▶ _Assignment_: Below are records with pictures in them. Transcribe everything from the line containing "BÌNH NƯỚC TUPPERWARE CÓ VÒI 3.1L" down to the line containing "Yosemite Area Home 984667", exactly, and leave the pictures behind.

▶ _Input material_:
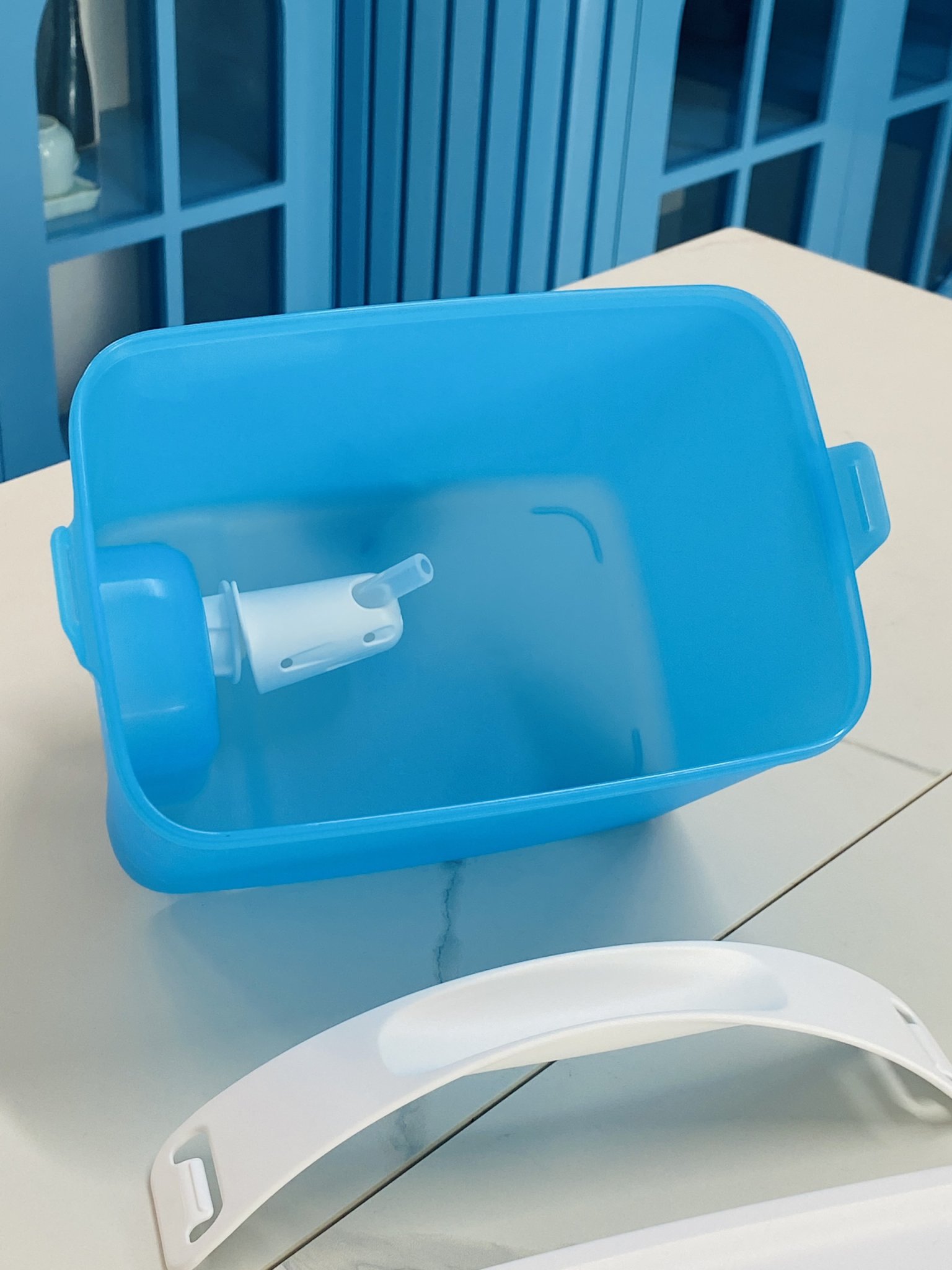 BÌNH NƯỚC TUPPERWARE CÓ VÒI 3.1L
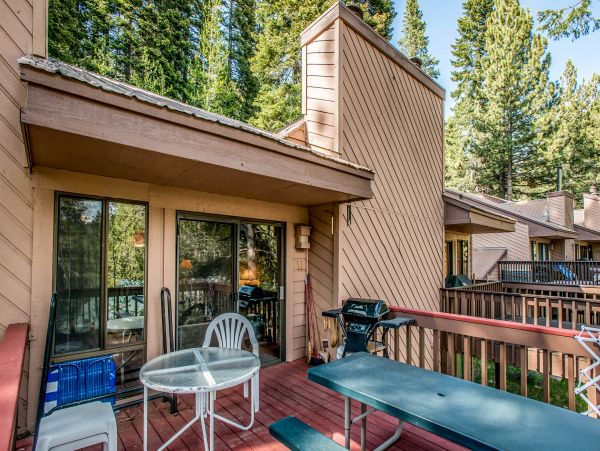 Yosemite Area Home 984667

...

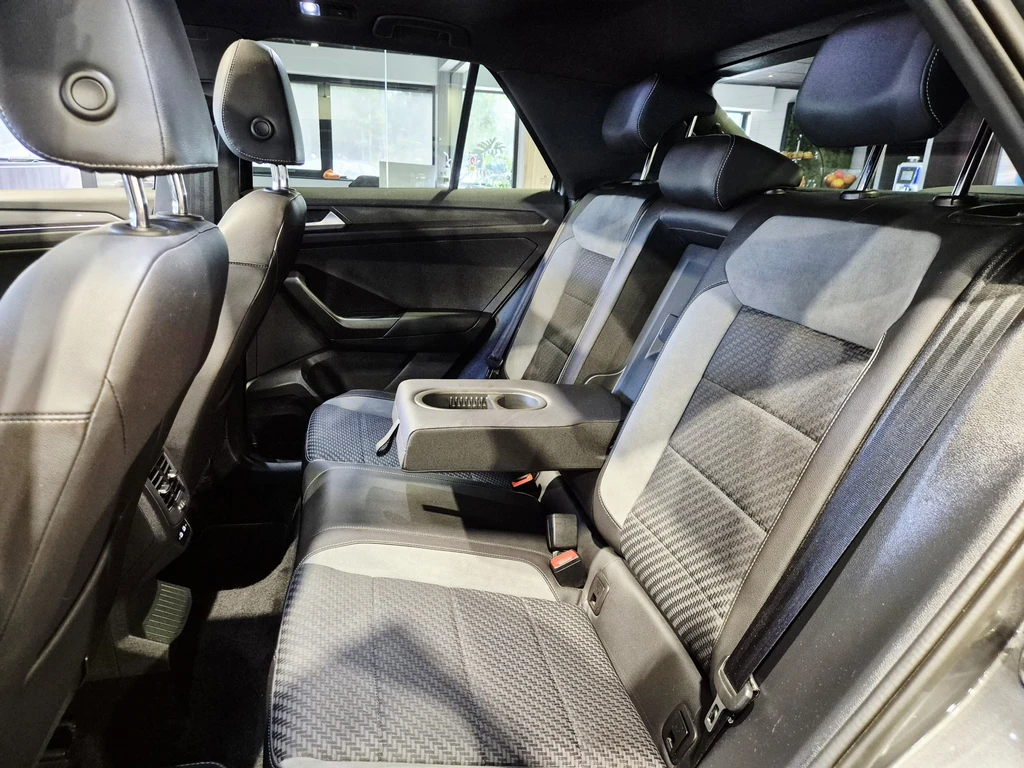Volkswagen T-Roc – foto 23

---

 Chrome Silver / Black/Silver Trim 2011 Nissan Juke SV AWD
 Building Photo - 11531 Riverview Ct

▶ _Task answer_:
 BÌNH NƯỚC TUPPERWARE CÓ VÒI 3.1L
 Yosemite Area Home 984667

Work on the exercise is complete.